As of 2023, the UK biodiversity indicators comprises 24 indicators and 52 measures. It's important to note that these numbers are constantly changing as older indicators and measures undergo critical review and new concepts are explored. This diverse array of indicators provides a comprehensive view of the interplay between human activities, environmental conditions, and biodiversity.
Data from these biodiversity indicators serve to inform both long-term and short-term analyses. The long-term assessment involves examining changes since the earliest available data. Such assessments are only conducted if data spanning 10+ years are available. Meanwhile, the short-term assessment offers insights into changes over the past five years.
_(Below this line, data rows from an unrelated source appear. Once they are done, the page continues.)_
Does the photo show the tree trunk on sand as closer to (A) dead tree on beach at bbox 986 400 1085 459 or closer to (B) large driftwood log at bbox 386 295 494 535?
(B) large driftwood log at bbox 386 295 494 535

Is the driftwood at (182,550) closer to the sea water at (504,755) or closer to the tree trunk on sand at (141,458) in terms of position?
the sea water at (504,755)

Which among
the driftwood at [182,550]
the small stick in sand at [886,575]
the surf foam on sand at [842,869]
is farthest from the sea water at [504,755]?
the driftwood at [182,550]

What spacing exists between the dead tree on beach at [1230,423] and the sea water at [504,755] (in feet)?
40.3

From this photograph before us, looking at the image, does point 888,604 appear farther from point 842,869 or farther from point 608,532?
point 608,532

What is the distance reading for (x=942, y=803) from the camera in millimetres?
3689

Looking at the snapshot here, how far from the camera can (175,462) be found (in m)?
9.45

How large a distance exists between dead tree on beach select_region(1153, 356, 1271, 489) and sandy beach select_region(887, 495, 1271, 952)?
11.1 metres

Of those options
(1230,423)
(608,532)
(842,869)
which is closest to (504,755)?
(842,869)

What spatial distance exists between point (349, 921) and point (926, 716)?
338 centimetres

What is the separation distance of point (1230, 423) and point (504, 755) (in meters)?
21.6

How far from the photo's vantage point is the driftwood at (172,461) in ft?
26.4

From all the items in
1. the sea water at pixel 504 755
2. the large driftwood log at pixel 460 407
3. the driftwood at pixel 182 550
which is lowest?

A complete list of the various indicators, along with the UK's performance for each, can be found here. As mentioned earlier, this list of indicators is continuously being revised. In 2022, several types of indicators were updated. The following provides a brief overview of what each of these updated indicators assesses and the significance they hold in terms of biodiversity impacts.
Sustainable consumption is the focus of this indicator as it assesses the environmental effects of UK consumption of agricultural commodities, spanning 2005 to 2018. It covers factors such as tropical deforestation, biodiversity loss, greenhouse gas emissions linked to deforestation, water use, cropland area, and material consumption. The statistic breaks down impacts by commodities and production areas, aligned with UN Food and Agriculture Organisation reporting.
Classified as an “experimental statistic”, this indicator is a developing measurement. To that effect, it is subject to refinement and feedback on its relevance and accuracy is encouraged.
This indicator evaluates the consequences of air pollutants such as sulphur dioxide, nitrogen oxides, and ammonia. Originating from activities like livestock waste and industrial fuel combustion, these contaminants contribute to acidification and terrestrial eutrophication.
Given the vulnerabilities of the UK's landscape, approximately 36% of its land is susceptible to acidification, while 38% faces nutrient nitrogen impacts—approximately 72,000 km² grapples with both challenges.
Exceeding critical pollutant loads can trigger detrimental consequences. Acid deposition surpassing critical levels can result in lowered soil pH and elevated aluminium availability, rendering habitats inhospitable for many species. Excessive nitrogen can disrupt species balance, promoting the overgrowth of certain species at the expense of others. These impacted species and habitats often hold high conservation value, making them particularly susceptible to change and potentially leading to a loss of essential ecosystem functions.
Focusing on protected areas both on land and at sea, this indicator presents the coverage of UK-protected areas in these domains. It also evaluates the condition of features on Areas or Sites of Special Scientific Interest (A/SSSIs), designated for their scientific significance. Each UK country assesses feature conditions, reporting them as percentages of favourable or unfavourable-recovering status.
Obviated in its name, this indicator assesses butterfly population abundance, considering two categories. The first focuses on habitat specialist butterflies, those linked to specific habitats affected by human development, typically found in agricultural or grazing lands. The second measures widespread butterflies found in both habitats affected by human development and broader countryside settings.
Butterflies are valuable biodiversity indicators, reflecting environmental changes and habitat management due to their sensitivity and broad habitat range. Their fine-scale resource usage complements birds and bats, making them essential for gauging environmental health.
Tracking the changes in bee and hoverfly distribution across the UK, this indicator looks at 389 different types of these insects. Bees and hoverflies are chosen due to their pivotal role as pollinators.
As these species expand or contract in their range, local communities become more or less diverse, potentially affecting pollination effectiveness. Despite year-to-year fluctuations, the overall trend indicates a decline in pollinator populations, raising concerns for their vital role in pollinating various crops and wildflowers.
With financial allocation serving as a measure of the government's commitment to biodiversity, this indicator tracks spending on biodiversity efforts. It’s broken down into two parts.
The first presents actual public sector spending on biodiversity within the UK, alongside funding allocated by non-governmental organisations dedicated to biodiversity and nature conservation.
The second component focuses on real-term UK public sector expenditure designated for global biodiversity efforts. Such international funding is crucial for implementing the commitments made through biodiversity conventions and other international environmental policy promises.
While fiscal support is just one aspect of gauging biodiversity priority within government, it's integral for effective conservation work and achieving both national and international biodiversity targets. The indicator considers changes in public sector expenditure within the context of funding requirements and aligned policy measures. Expert opinions and data from diverse UK entities contribute to this indicator's assessment.
Published on 25 May 2023, this latest indicator addition tracks changes in the abundance of priority species in the UK, using data from species on the priority lists of each UK country. These species are flagged for conservation concern due to factors like rapid population decline. The indicator rises when average priority species populations grow and falls when they decline.
While focusing on abundance is more sensitive to change, recovering species might stabilise their distribution. The indicator's direction is influenced by the proportion of species that are stable or increasing; growth in this proportion slows its decline, while decline in the proportion accelerates it.